Back from the undead in the fresh (because we believe in upgrades & afterlifes!) is this new pressing of the first of all Gastr del Sol records, The Serpentine Similar. It is one of several distinct initiators of a definitive musical drift in the 1990s, and a drift all of its own, to boot! At the time, this album was largely heard within an underground whose boundaries were clearly defined - but if today"s sound-pool of "commercial" music is deeper and wider than it was back then, it is without a doubt due to the cracking open of certain doors of perception by Gastr del Sol, alongside their esteemed others.
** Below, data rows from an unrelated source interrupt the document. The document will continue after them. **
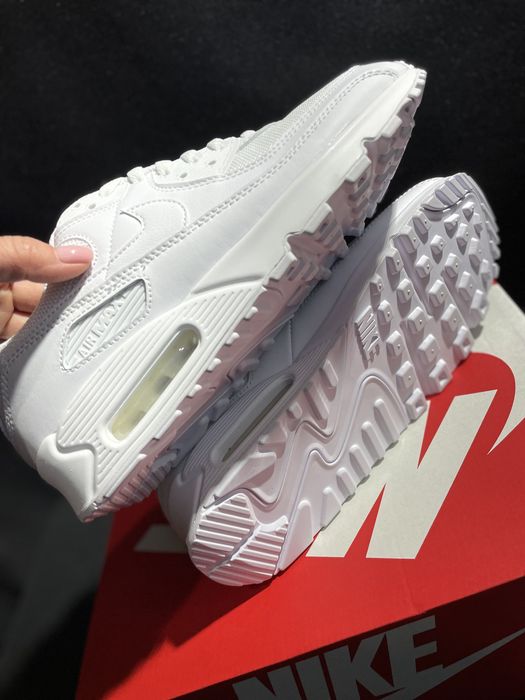 Nike Air max 90 кроссовки оригинал белые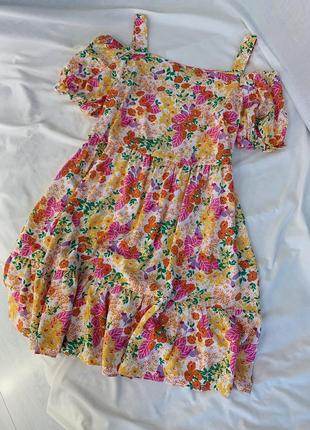 Яркое платье в цветы george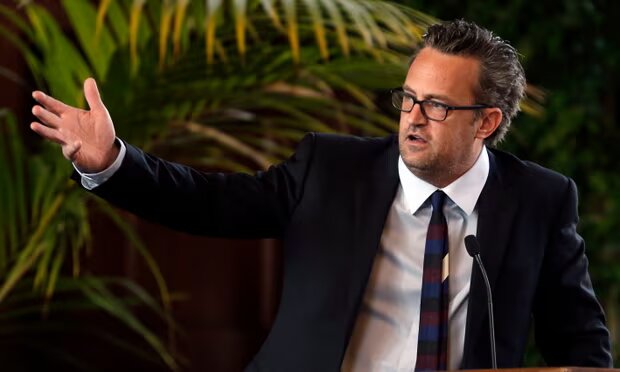 خاکسپاری «متیو پری» با حضور دوستان + فیلم و عکس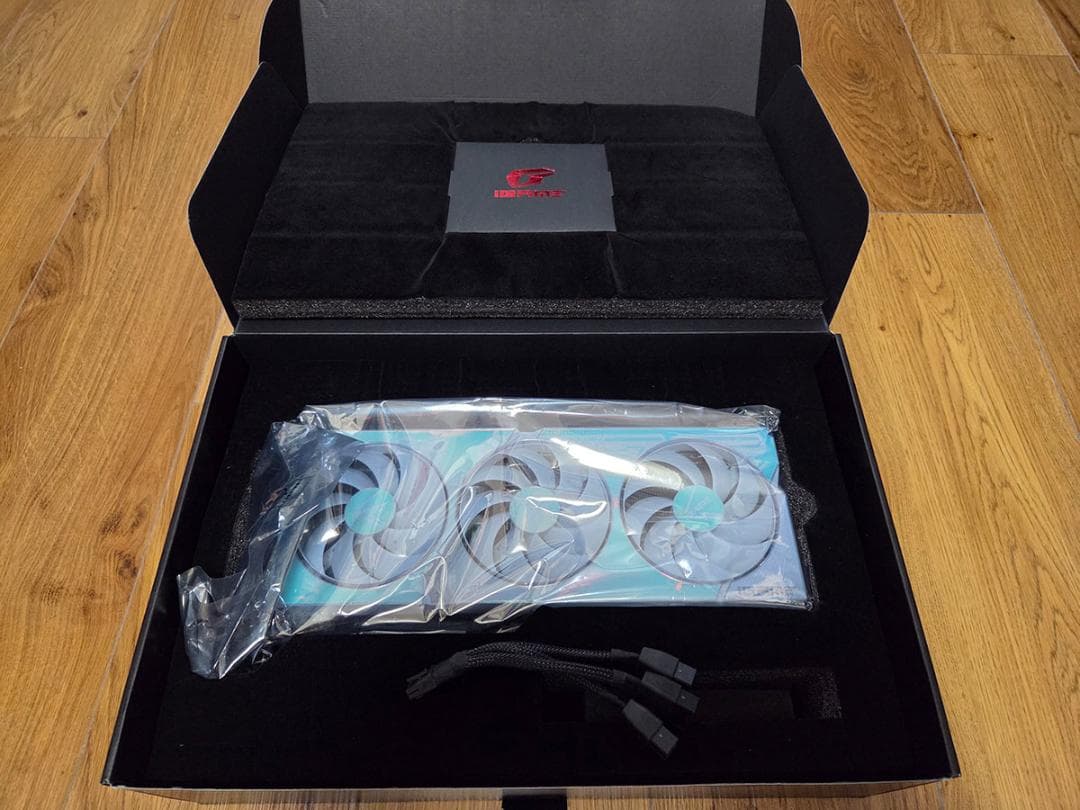 グラフィックボード・グラボ・ビデオカード Colorful RTX 4080 16GB Ultra W OC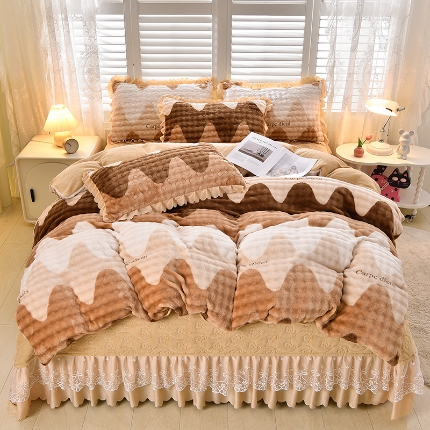 91家纺网 家纺一手货源 找家纺 （总）三友家纺 直播爆款牛奶绒大泡泡印花蕾丝花边床盖床裙四件套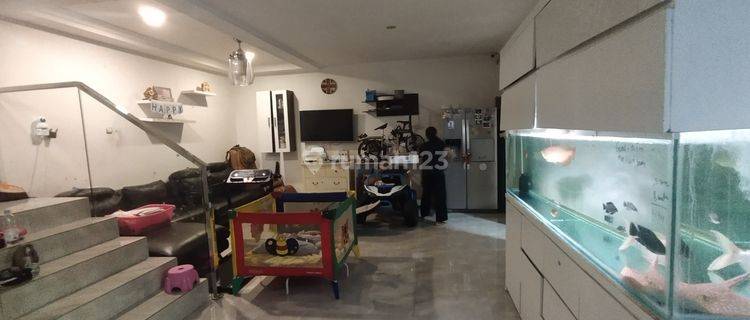 Dijual Rumah Furnished di Perumahan Citra 2 Ext , Jakarta Barat 1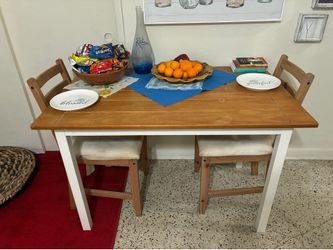 WOOD & WHITE DECO DINING ROOM TABLE INC’G 2 CHAIRS > $65 OBO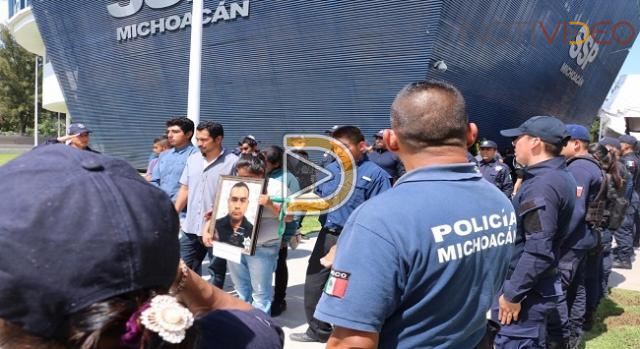 Rinden homenaje a policías emboscados en El Aguaje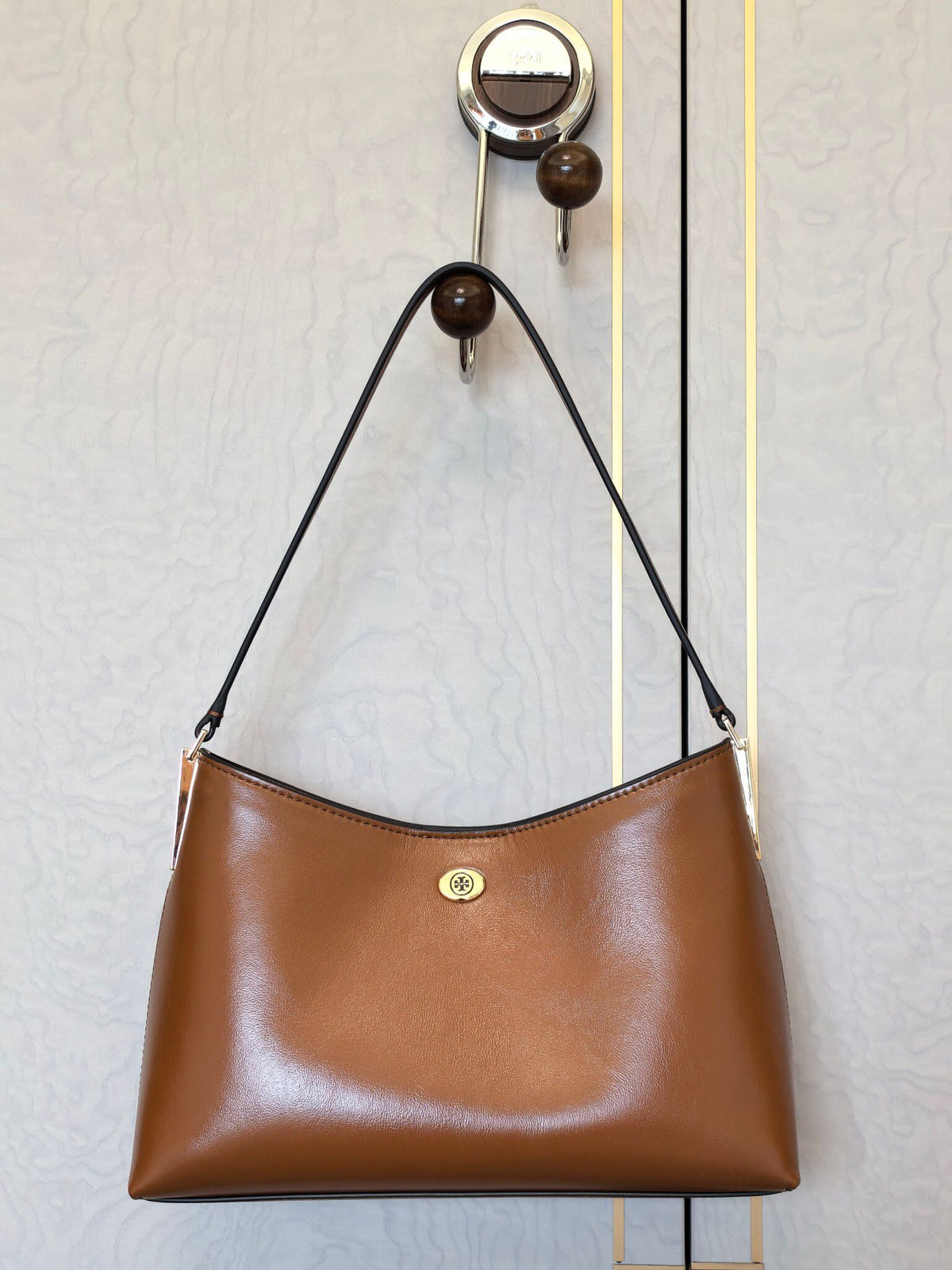Number: TORY BURCH SMART ROBINSON SHOULDER BAG. The new model is made of oil and wax cowhide, with a smooth and textured surface for daily maintenance. It is super convenient and simple in style. The metal logo is low-key and has a sense of detail. The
The year was 1992. After a bruising run of tour dates the year before, the final lineup of Bastro, a power-trio of David Grubbs, Ken (Bundy) Brown and John McEntire, retired, exhausted. Shortly thereafter, they were rebirthed, sans drums, via a new set of ideas composed in the cut-down configuration of Grubbs on guitars, keyboards and vocals and Brown on bass. Playing in duo format opened up sound and intention, leaving the need for speed (and the stock in rock) out, while letting in an expanse of brooding, droning acoustic space that highlighted the songs" serpentine shapes. This was something so radically different as to require a new calling card: henceforth, Gastr del Sol. Signing to Teen Beat, Gastr del Sol completed The Serpentine Similar in late 1992 for release the following year (the DC reissue came in "97). In the final rendering, Serpentine"s roof-rent, white-sky execution was attenuated with several percussion appearances from the prodigal John McEntire. Over the next five years, his cameo presence was a constant in Gastr del Sol"s steadily-evolving tradition of significant breaks from tradition at every turn. There would be an even more significant tradition-breaker onboard for all this; following the release of The Serpentine Similar, Jim O"Rourke joined Grubbs in Gastr as Brown exited (to focus on Tortoise, with McEntire et al). For the new Gastr duo, a world of new directions in music awaited, the future became the past, and the music of Gastr del Sol emerged from the thin air, then returned there. Now, The Serpentine Similar has been returned to vinyl from the temporal streams of contemporary music listening, a glorious rematerializing of all its spatial details on LP for the first time in 20 years.